These countries too have, with their eyes wide open, invested in unsustainable cultivation. Above all, our government could learn from Southern Europe how not to do things and how to react when things don’t work. We should take advantage of this knowledge in Germany.

Another role model would be North Africa, where the situation is even more precarious. In this region, people have been used to handling water carefully for much longer: For decades, the concept of integrated water resource management has been implemented successfully in many concrete cases. The insights gained show that we as a society should not merely find stop-gap remedies to emerging problems: We need to get to the root of the issues, reduce our water consumption and work toward communal water management.

Are we likely to see water costs increased after the explosion in energy prices?

I don’t think so. Water prices have always been stable in recent years. When I ask people how much they pay for water, many of them do not even know, because no one thinks about the basic provision of public services – even though prices here are already rather high compared to other countries. You can also see this from the fact that prices for drinking water in southern Bavaria are comparable to those in Franconia, even though it takes a lot more effort to access drinking water in Franconia. I actually expect to see savings and, where necessary, coordinated rationing rather than drastic price hikes. However, water extraction fees could be one mechanism to regulate consumption.

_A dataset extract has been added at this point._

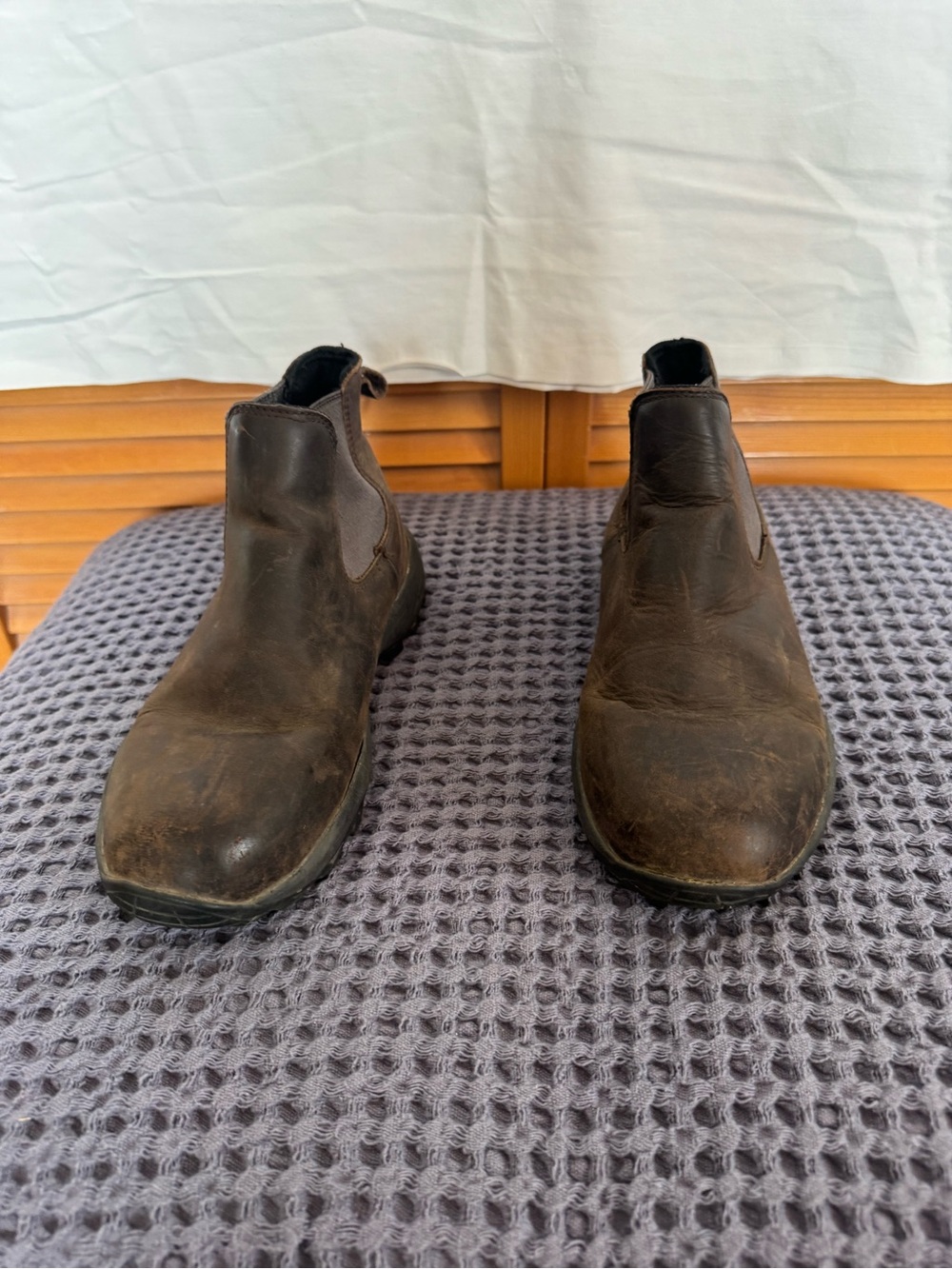Women’s Duluth Trading Co Brown Leather Slip-On Chelsea Boots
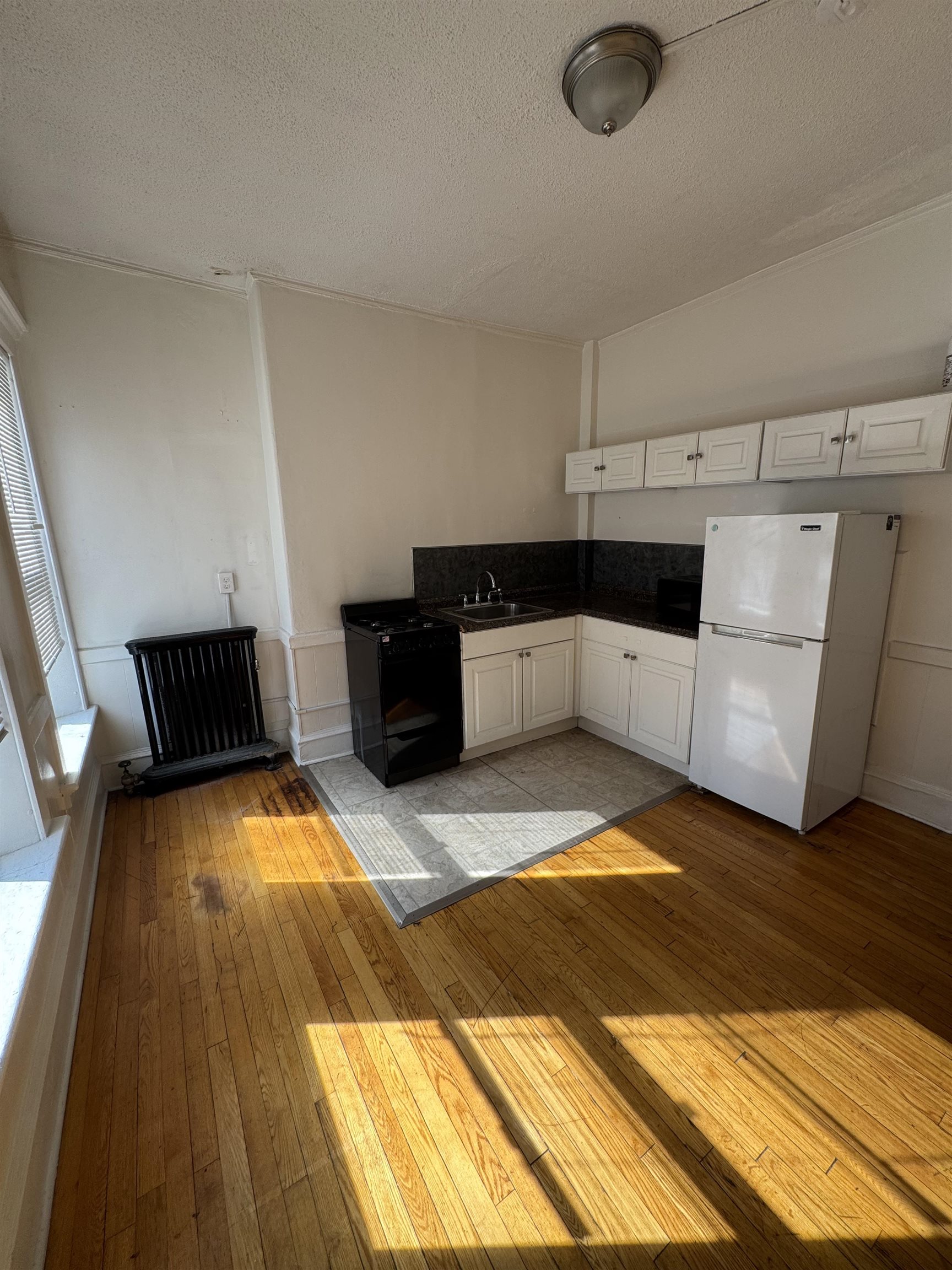 11 Court Street Property Photo 1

Portrait photograph of Prof. Dr. Ralf Ludwig.

Prof. Dr. Ralf Ludwig | © LMU

In light of the droughts, can we still go on vacation to Southern Europe with a clear conscience?

That is a good question. Statistics show that tourists are much more wasteful with water than the local population. On the other hand, tourism is much more lucrative than agriculture for many Mediterranean economies.

From the point of view of environmental compatibility, we really should rethink our holiday plans. But that is coming from someone who himself has planned a trip to Italy.

What are you looking for?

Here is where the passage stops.